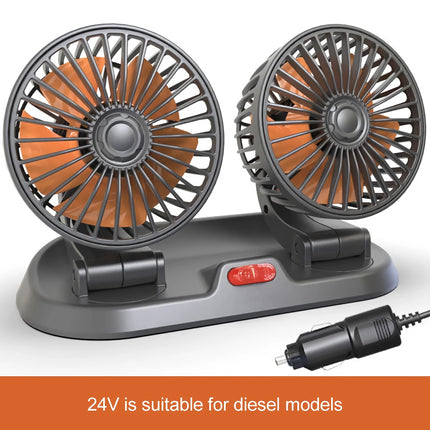 Adjustable Dual Head USB Car Fan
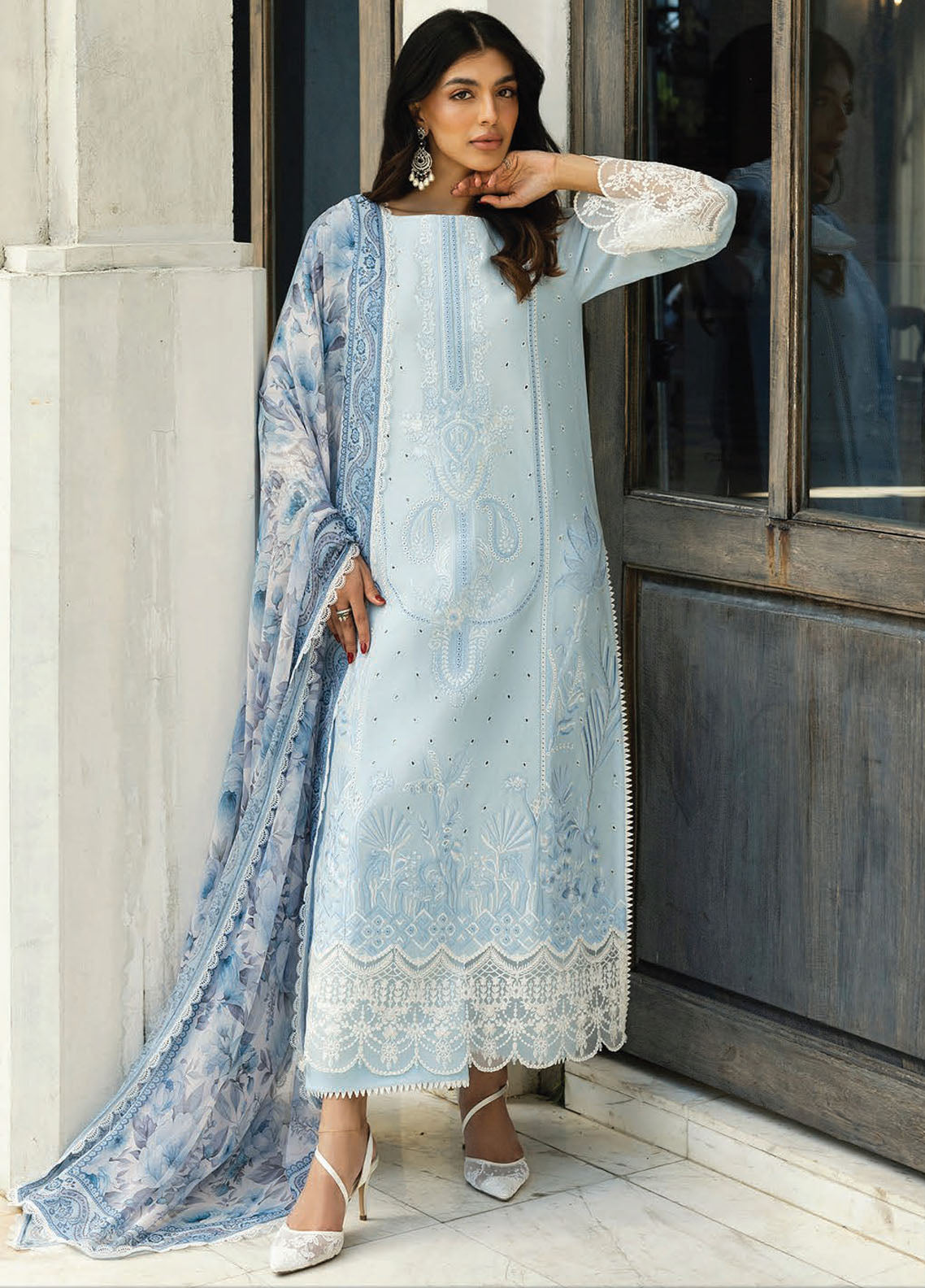 Zainab Chottani Embroidered Chikankari Suits Unstitched 3 Piece D7B Liyah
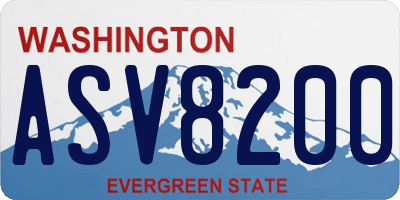 WA license plate ASV8200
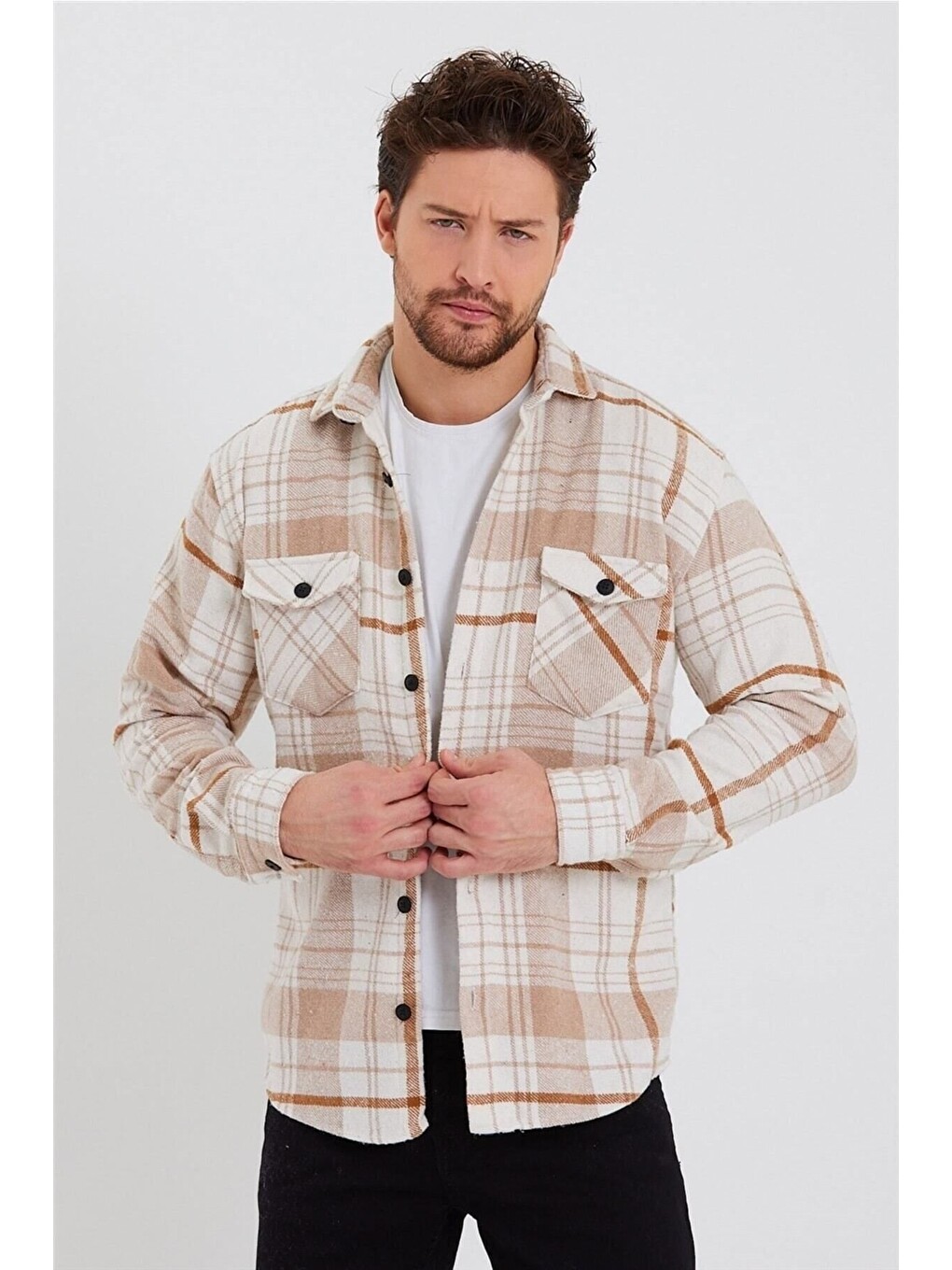 Erkek Kırık Beyaz Turuncu Çift Cep Kapaklı Slim Fit Oduncu Gömlek-3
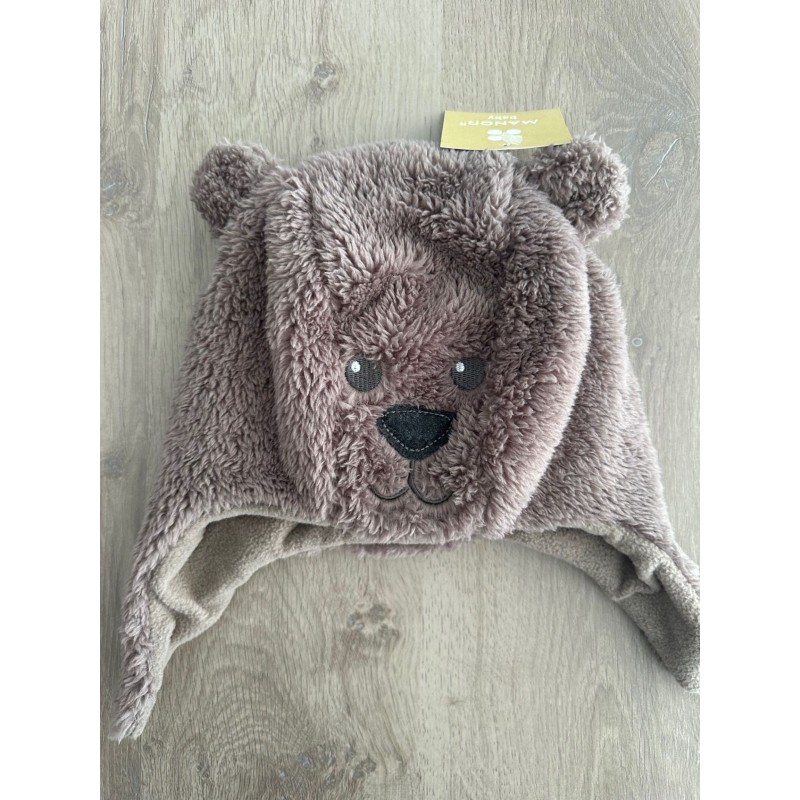 Bonnet bébé hiver peluche ourson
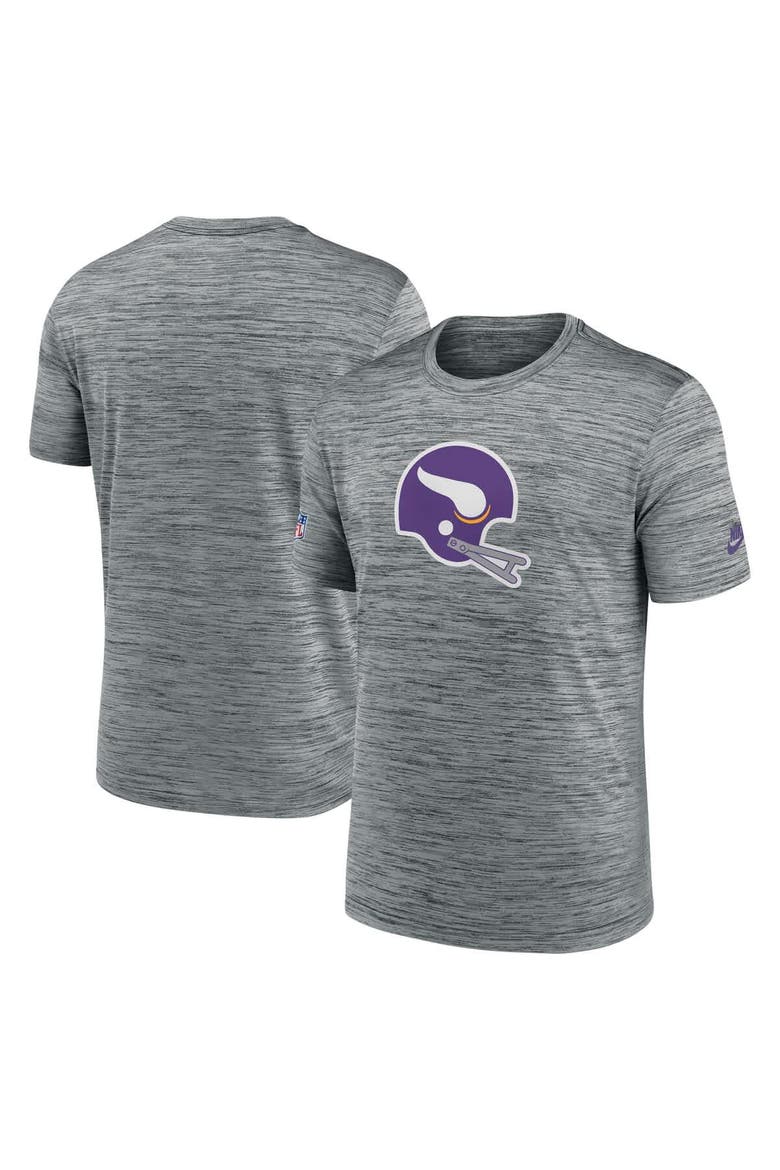 Men's Nike Gray Minnesota Vikings Sideline Velocity Throwback Logo Performance T-Shirt, Main, color, Gray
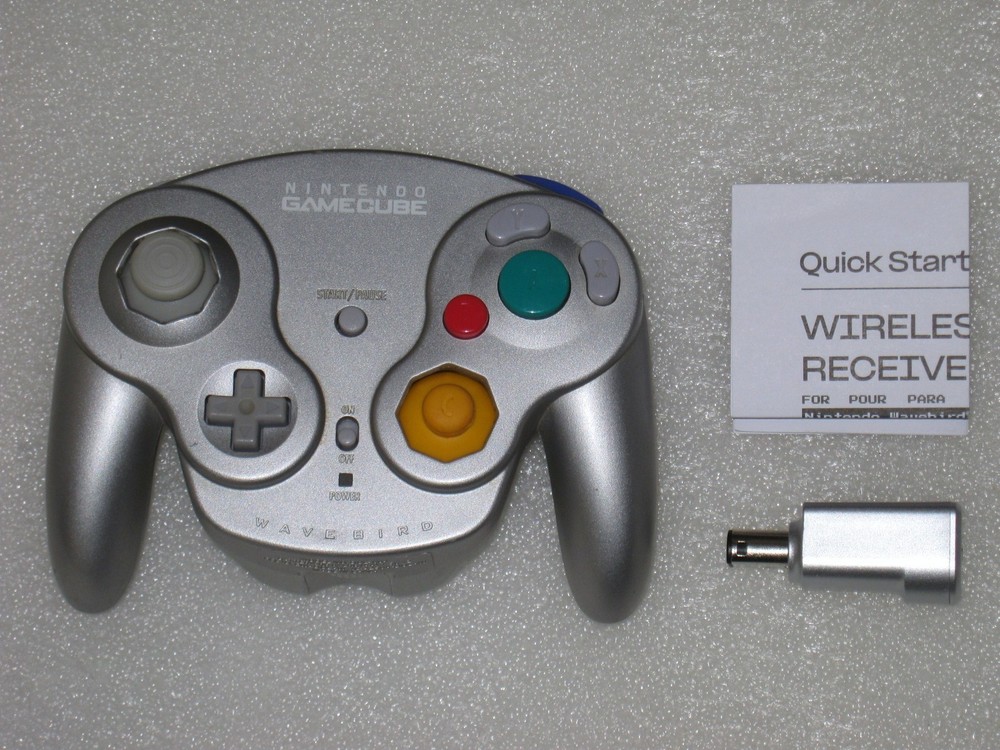 Nintendo GameCube Platinum Silver Wavebird DOL-004 Wireless Controller &Receiver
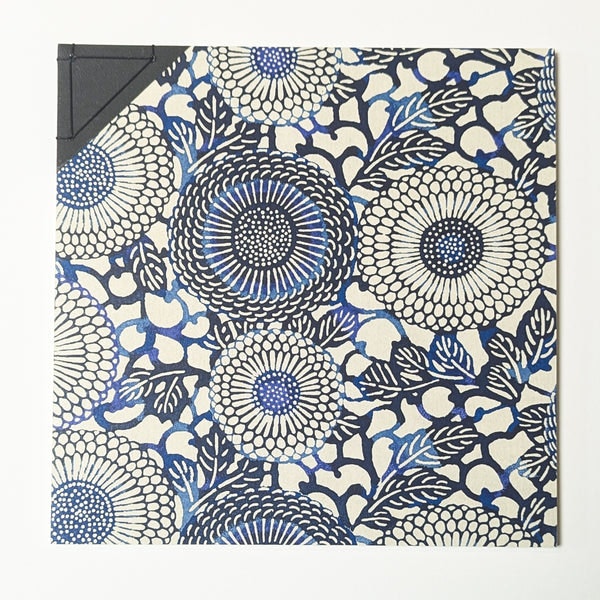 Kadotoji Shibori Arabesque/Blue Large Square Handbound Notebook by Shogado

= = = = =

**Task details**
The whole listing above must be returned exactly as written, with no pictures carried over.

**Answer to this exercise**
 Adjustable Dual Head USB Car Fan
 Zainab Chottani Embroidered Chikankari Suits Unstitched 3 Piece D7B Liyah
 WA license plate ASV8200
 Erkek Kırık Beyaz Turuncu Çift Cep Kapaklı Slim Fit Oduncu Gömlek-3
 Bonnet bébé hiver peluche ourson
 Men's Nike Gray Minnesota Vikings Sideline Velocity Throwback Logo Performance T-Shirt, Main, color, Gray
 Nintendo GameCube Platinum Silver Wavebird DOL-004 Wireless Controller &Receiver
 Kadotoji Shibori Arabesque/Blue Large Square Handbound Notebook by Shogado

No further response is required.